SOURCE MATERIAL:
-------------------------
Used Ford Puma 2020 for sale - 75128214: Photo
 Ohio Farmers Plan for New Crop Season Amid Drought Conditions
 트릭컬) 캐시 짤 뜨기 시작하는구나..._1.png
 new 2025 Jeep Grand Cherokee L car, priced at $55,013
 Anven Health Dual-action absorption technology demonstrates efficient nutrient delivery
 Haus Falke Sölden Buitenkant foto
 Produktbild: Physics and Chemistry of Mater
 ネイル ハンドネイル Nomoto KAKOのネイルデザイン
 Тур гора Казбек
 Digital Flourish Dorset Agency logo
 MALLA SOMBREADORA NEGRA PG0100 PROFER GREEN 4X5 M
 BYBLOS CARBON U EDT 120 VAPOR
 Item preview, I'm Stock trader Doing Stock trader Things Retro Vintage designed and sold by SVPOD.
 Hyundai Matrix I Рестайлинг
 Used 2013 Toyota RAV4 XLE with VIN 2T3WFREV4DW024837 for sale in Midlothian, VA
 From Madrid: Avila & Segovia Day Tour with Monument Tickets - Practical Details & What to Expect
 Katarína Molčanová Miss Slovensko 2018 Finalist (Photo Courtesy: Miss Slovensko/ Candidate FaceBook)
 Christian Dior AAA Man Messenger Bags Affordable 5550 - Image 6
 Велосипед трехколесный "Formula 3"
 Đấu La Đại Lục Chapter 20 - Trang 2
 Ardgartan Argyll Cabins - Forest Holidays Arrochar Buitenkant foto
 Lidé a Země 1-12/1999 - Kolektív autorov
-------------------------
EXERCISE: Please show all lines from the entries that contain the word "Used".

FINAL ANSWER:
Used Ford Puma 2020 for sale - 75128214: Photo
 Used 2013 Toyota RAV4 XLE with VIN 2T3WFREV4DW024837 for sale in Midlothian, VA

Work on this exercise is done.